I had a good cry out this morning. With the, “Stay-at-home” orders being lifted soon, plans are being solidified for graduation commencement for Sean. They are still in the early stages but what I have learned today was then we will have a, “Socially distanced ceremony” in August. This fact made me cry. What this, “Socially distanced ceremony” will entail is to hold commencements on the football field and NOT the high school auditorium as it has always been.

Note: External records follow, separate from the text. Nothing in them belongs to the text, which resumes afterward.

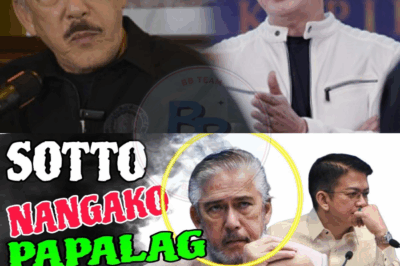 SOTTO HANDANG MAKIPAGBARDAGULAN KAY CHIZ KAPAG TINULAK NA IDISMISS ANG IMPEACHMENT!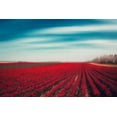 thumbnail image 2 of Wuestenhagen, Dirk 32x23 Black Ornate Wood Framed with Double Matting Museum Art Print Titled - Tulips, 2 of 4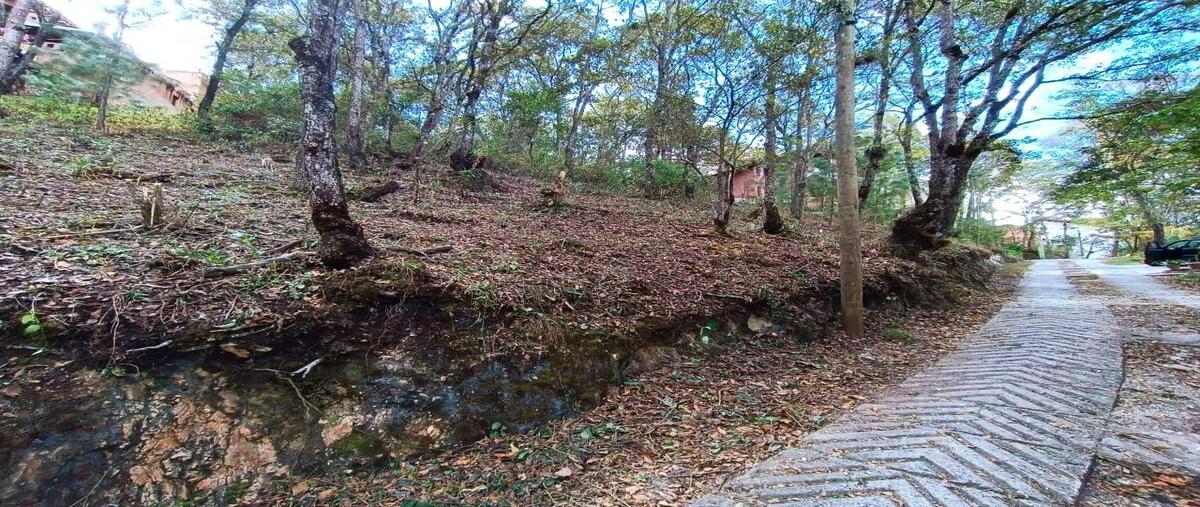 Foto de terreno habitacional en venta en  , san nicolás, san cristóbal de las casas, chiapas, 30557552 No. 03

What this means is that it will be outside. In August. In the heat. Having had MS for 19 years, I KNOW that I will not be able to handle that! I also think that my tears were because I have worked so hard and sacrificed A LOT to put him through 12 years of Catholic education. The commencement was supposed to be the icing on the cake! The cherry on top! We were supposed to reenact my graduation photo:
I am just about positive that I could NOT sit there and smile in the heat! My Mom saw my tears and told me that we would work on getting me there if I wanted to go. Well, OF COURSE I do! I’ve earned it! She talked about having a cooler and bringing a cooling vest or cooling beads for me.
I couldn’t think too much about this because I was overwhelmed but we have time to figure it out and in that time, I will pray for a cool day in August. It really stinks that 20 years later, it is STILL super obvious that graduations and me do not mix! But, if I think about it too much now, I will cry again…!!!